Caption-style text data

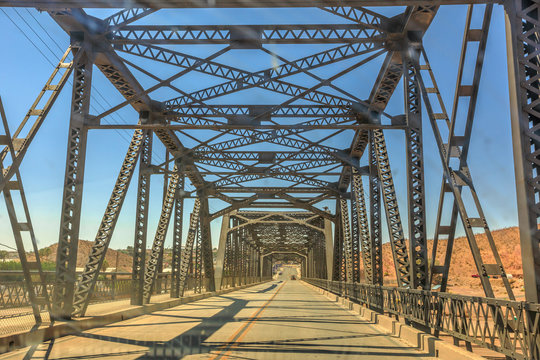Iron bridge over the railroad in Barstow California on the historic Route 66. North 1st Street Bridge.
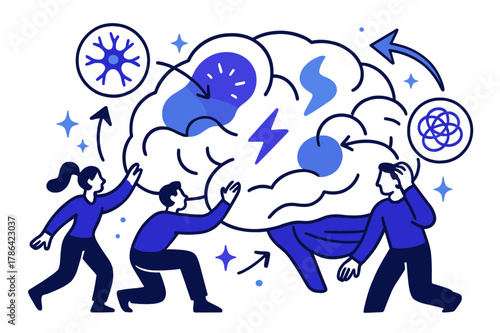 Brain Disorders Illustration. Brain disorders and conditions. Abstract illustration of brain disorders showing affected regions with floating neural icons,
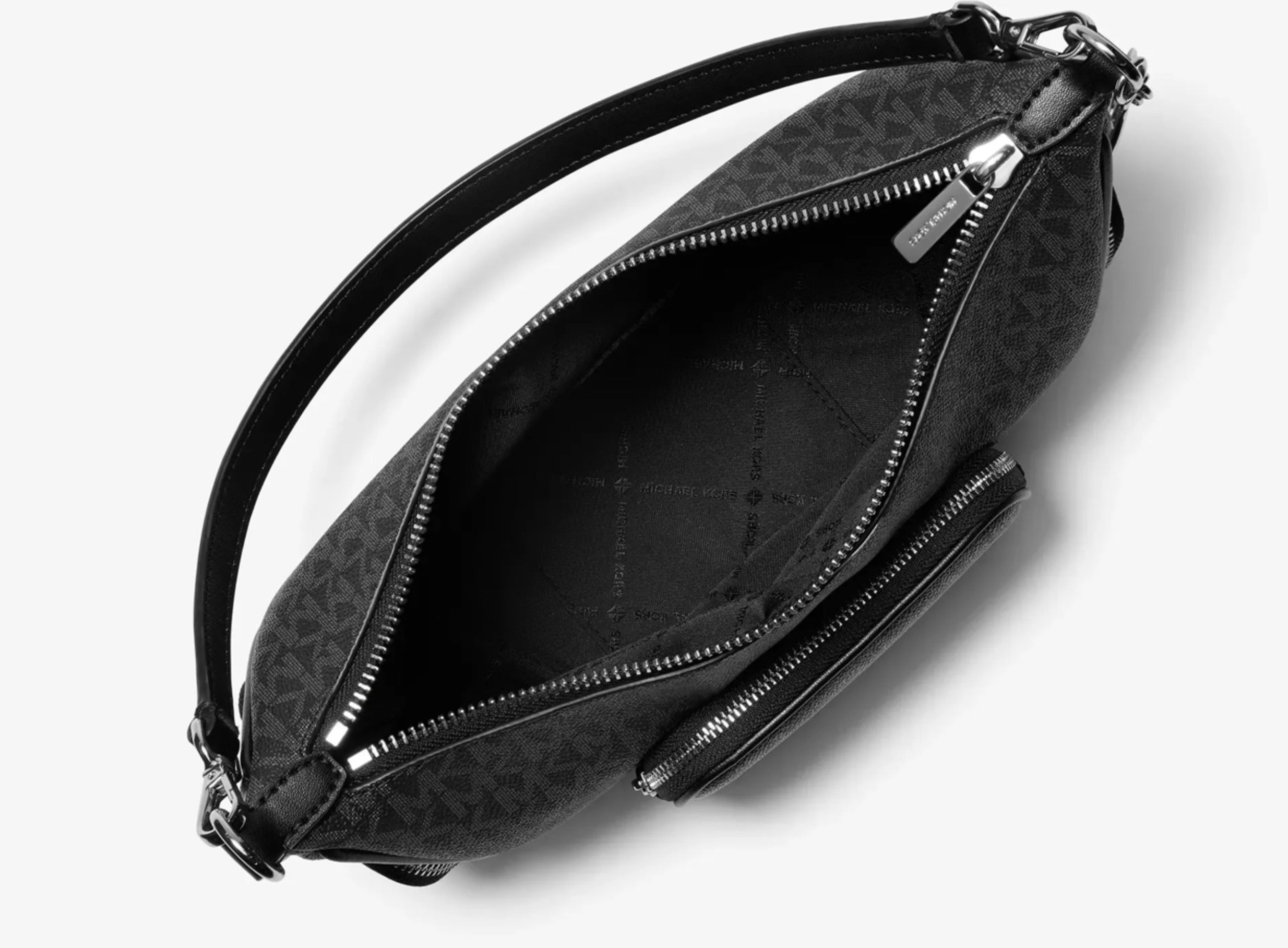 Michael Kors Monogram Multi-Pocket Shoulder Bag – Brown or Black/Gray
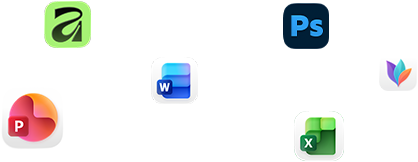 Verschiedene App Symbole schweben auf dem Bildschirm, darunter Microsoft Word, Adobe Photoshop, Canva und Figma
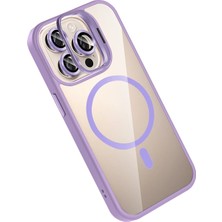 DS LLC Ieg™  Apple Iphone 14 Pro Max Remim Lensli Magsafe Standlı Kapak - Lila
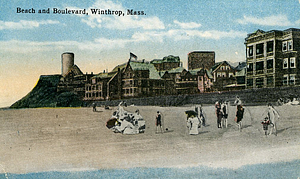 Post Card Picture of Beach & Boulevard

WHAT IS EXPECTED:
All of the data must be repeated exactly, except for the pictures.

OUTPUT FOR THIS TASK:
Iron bridge over the railroad in Barstow California on the historic Route 66. North 1st Street Bridge.
 Brain Disorders Illustration. Brain disorders and conditions. Abstract illustration of brain disorders showing affected regions with floating neural icons,
 Michael Kors Monogram Multi-Pocket Shoulder Bag – Brown or Black/Gray
 Verschiedene App Symbole schweben auf dem Bildschirm, darunter Microsoft Word, Adobe Photoshop, Canva und Figma
 DS LLC Ieg™  Apple Iphone 14 Pro Max Remim Lensli Magsafe Standlı Kapak - Lila
 Post Card Picture of Beach & Boulevard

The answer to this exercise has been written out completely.